Let us go then to BarLola, down underground where once was Spasso, a decent-enough quasi-Italian trendorium. There have been other restaurants and clubs here before, even the fatal Hotel Vendome fire, and yet BarLola’s Spanish-style tapas bar feels so right and so authentic in these linked rooms with painted brick walls that it’s hard to remember anything else. While I have enjoyed all the tapas places in Boston, from Dal’ to Taberna de Haro, BarLola just has the look. It carries everything else back to a particular Spain that can be kept indoors with low light and sangria, even when there is a most un-Spanish slush outdoors.
The Lola part evokes Pedro Almodovar’s movie, Run Lola Run, and so does the Spanish hip-hop played between the techno. The bullfight posters are laminated into the tables. At each of the latter is a zinnia, like a red echo of the sunflowers. The walls are white brick, with art and craft. The floor is painted, which is more Frida Kahlo than Spain, but very pretty.
In fact, BarLola lacks my favorite tapa from Spain, fried calamari, and the variety of barnacles and fried little fish. But they do have many of the classics among their nine cold and 27 or so hot little plates: the fried shrimp (although no one yet throws the shells on the floor), the potato omelet, the ham and Manchego cheese, and the translucent shrimp in garlic oil.

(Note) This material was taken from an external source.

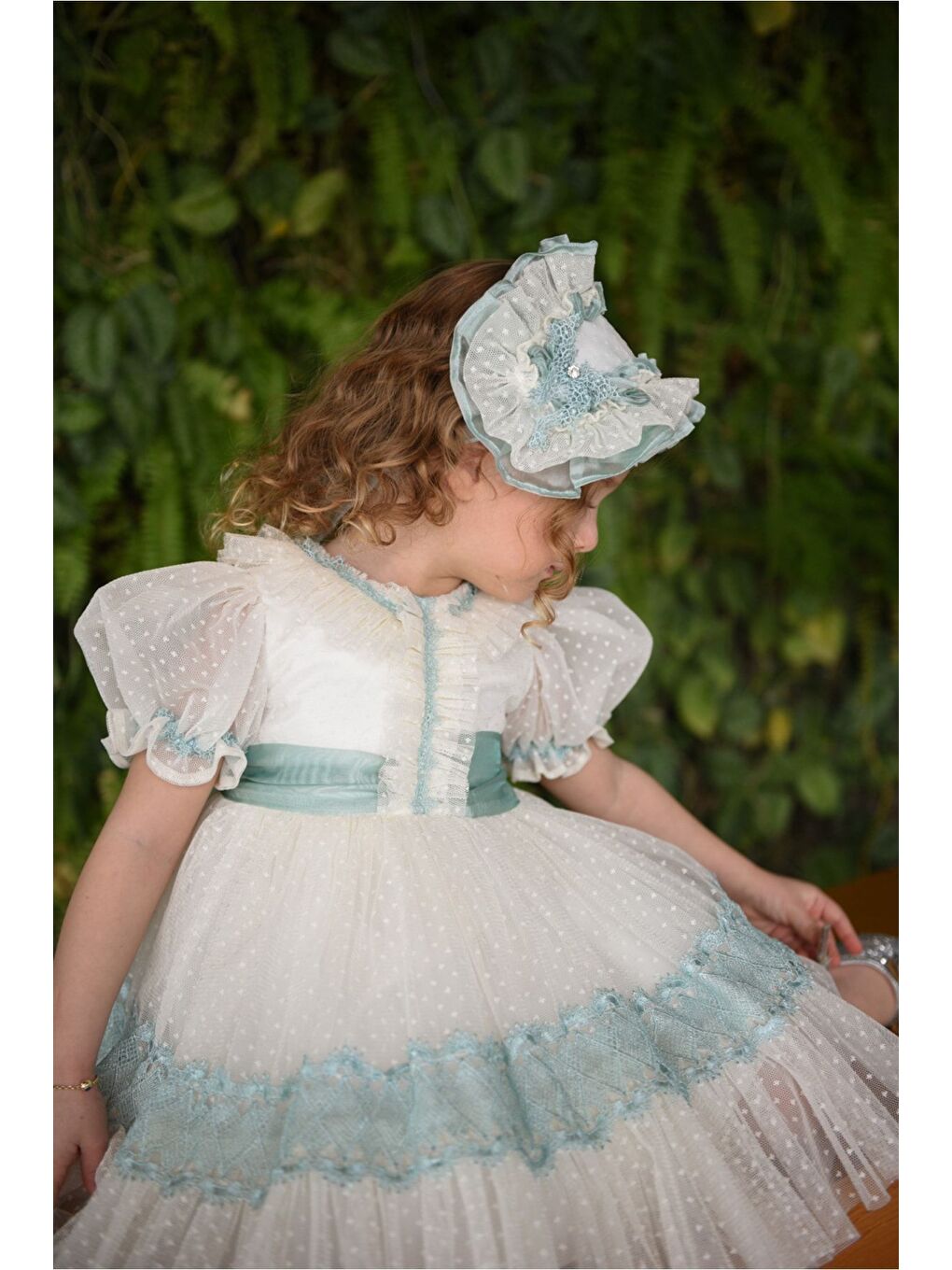 Yeşil Özel Tasarım Kız Çocuk Vintage Elbise, Kısa Kız Çocuk Elbisesi, Saç Aksesuarlı Çocuk Abiye_M2316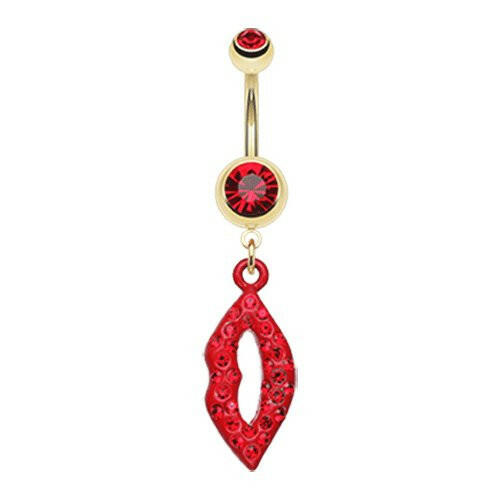 Glamour Lip Sparkle Belly Button Ring Navel Ring Impulse Piercings Red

To start with the fried shrimp, they are gambas rebozados ($7.50) — you are lisping the Zs by now, aren’t you? — and they are butterflied, have some shells, but also a wonderful little sweet sauce. The potato omelet ($6.50) has a confusing name: tortilla. It isn’t flat and it should be made by slow-frying potatoes in ludicrous amounts of olive oil, then pouring in egg at the end. Ours is two generous wedges, but they lack seasoning. In fact, even the ham and cheese lacks something. That something is not edibility, nor authenticity. It may be the sherry, as we have compromised with sangria. The Manchego cheese (which might well come from La Mancha) and the Serrano ham (about which I am more dubious, because it is softer and less funky than Spanish ham) make a melting combination ($8) in four large bites. This is one tapa I would not consume in its entirety. Too much cheese for one person.
The translucent shrimp in garlic oil ($8) is lots of good eating; careful of the drips, now. Pincho de pollo ($7) is four skewered chunks of chicken on their way to becoming satay, but a creamy mushroom sauce assures us they will never get to Thailand before being eaten up. Pollo al chillandron ($7) is a throwback to medieval dishes of chicken, almonds, and raisins. If this reminds you of Sicilian food, remember that Sicily was part of Spain (or a Catalan kingdom) for much of modern history, rejoining Italy only in the mid 19th century. Thinly sliced beef, solomillo ($8), is wonderful in another cream sauce. Estofado de cordero ($6.50) is lamb in Moorish style; it is indeed almost a Moroccan stew. With rice this would be dinner.